Neighbor Fabiola Contreras watched as firefighters and paramedics arrived, and then left quickly. She grew concerned when detectives swarmed the family's front yard.

Contreras said Thedford was home the whole time. His wife drove up later and the couple hugged and cried. Detectives videotaped Thedford describing how the child had gotten left in the van.

"They used a Mickey Mouse type of doll for him to show what happened. And now that I think about it, they also were measuring from the van to the door," she said.

Contreras said Thedford was a substitute teacher at Melissa High School. She said his family seemed loving.

"It's kind of shocking how this happened because on Sunday we saw family members and them having a good time for Father's Day," Contreras said.

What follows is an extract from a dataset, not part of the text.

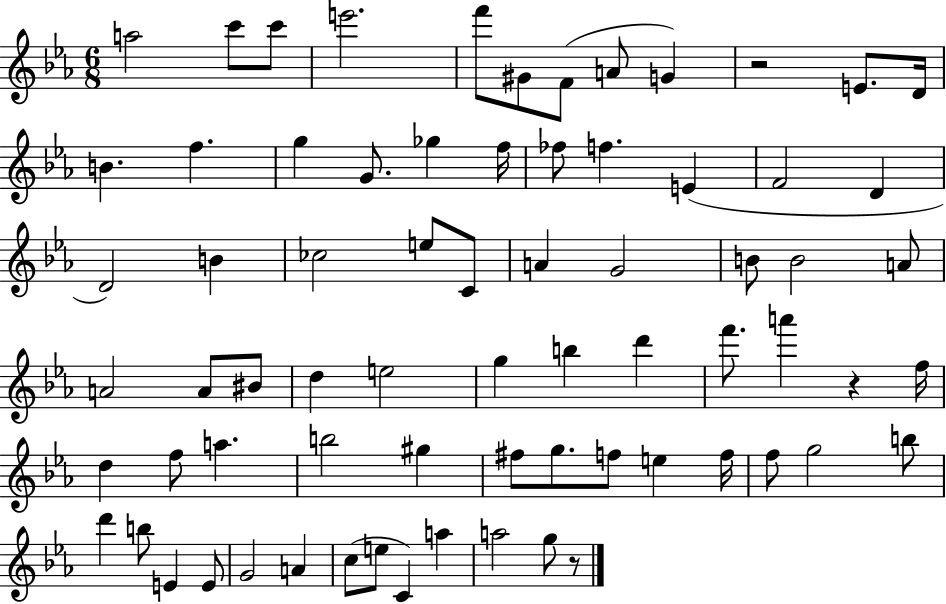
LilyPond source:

The case brought back horrible memories for other parents who had a similar near-miss with their then-3-year-old son, Michael, last summer. They describe it as something that could happen to any parent.

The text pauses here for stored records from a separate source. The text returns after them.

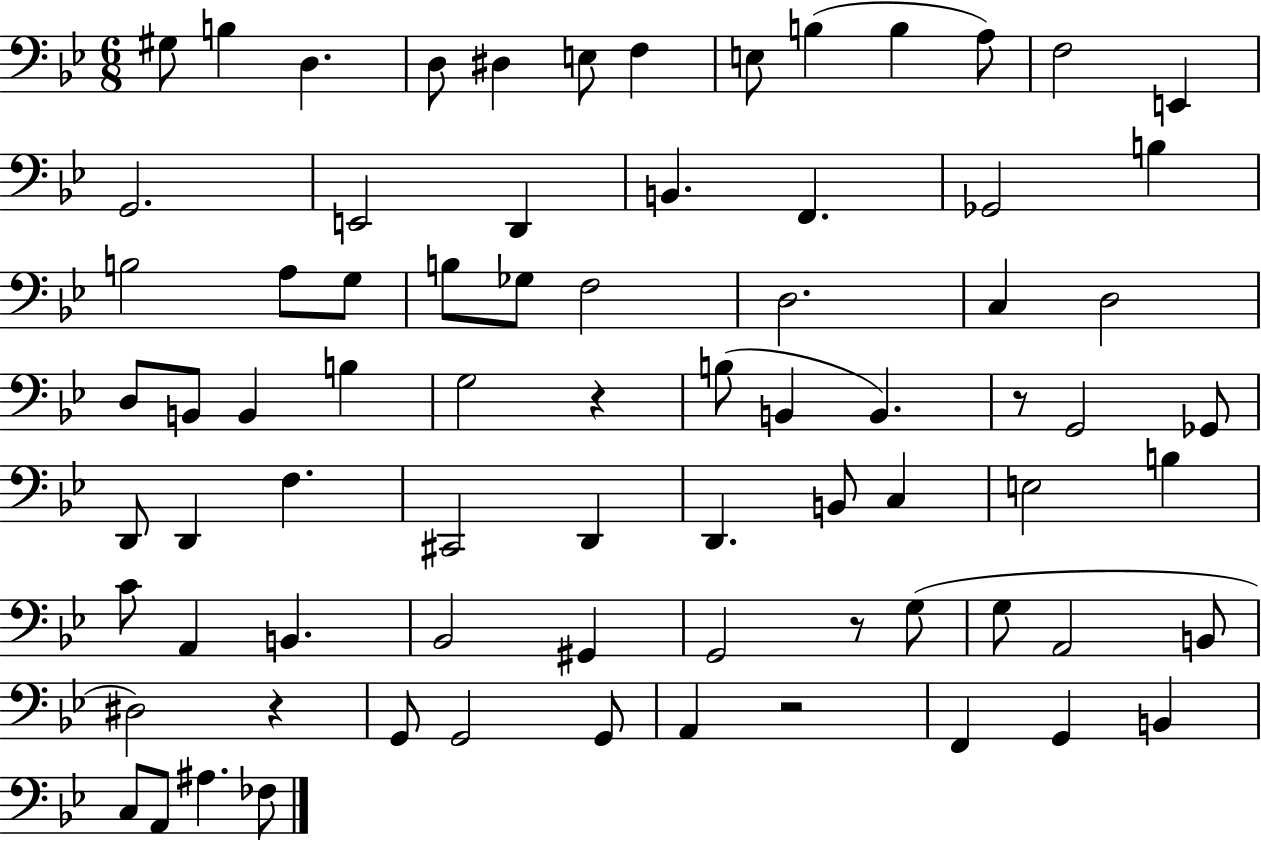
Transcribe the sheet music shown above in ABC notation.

X:1
T:Untitled
M:6/8
L:1/4
K:Bb
^G,/2 B, D, D,/2 ^D, E,/2 F, E,/2 B, B, A,/2 F,2 E,, G,,2 E,,2 D,, B,, F,, _G,,2 B, B,2 A,/2 G,/2 B,/2 _G,/2 F,2 D,2 C, D,2 D,/2 B,,/2 B,, B, G,2 z B,/2 B,, B,, z/2 G,,2 _G,,/2 D,,/2 D,, F, ^C,,2 D,, D,, B,,/2 C, E,2 B, C/2 A,, B,, _B,,2 ^G,, G,,2 z/2 G,/2 G,/2 A,,2 B,,/2 ^D,2 z G,,/2 G,,2 G,,/2 A,, z2 F,, G,, B,, C,/2 A,,/2 ^A, _F,/2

Eric Stuyvesant forgot to drop Michael off at the babysitters after rushing to get his wife Michelle to work on time. He says he forgot his son was in the car for about an hour and twenty minutes.

"When I got there, he was profusely sweating," he recalled. "His eyes had turned grey. His lips were blue."

The Stuyvesants say Michael had six heat strokes and spent five weeks in the hospital and in rehab, learning to walk and eat again.

"It's crazy because it's one of your worst nightmares, as a parent," said Michelle Stuyvesant. "You hear the stories every summer."

The official high temperature in North Texas on Tuesday was 98 degrees, tying for the hottest day so far in 2016.

Thedford was released from jail after posting his $20,000 bond.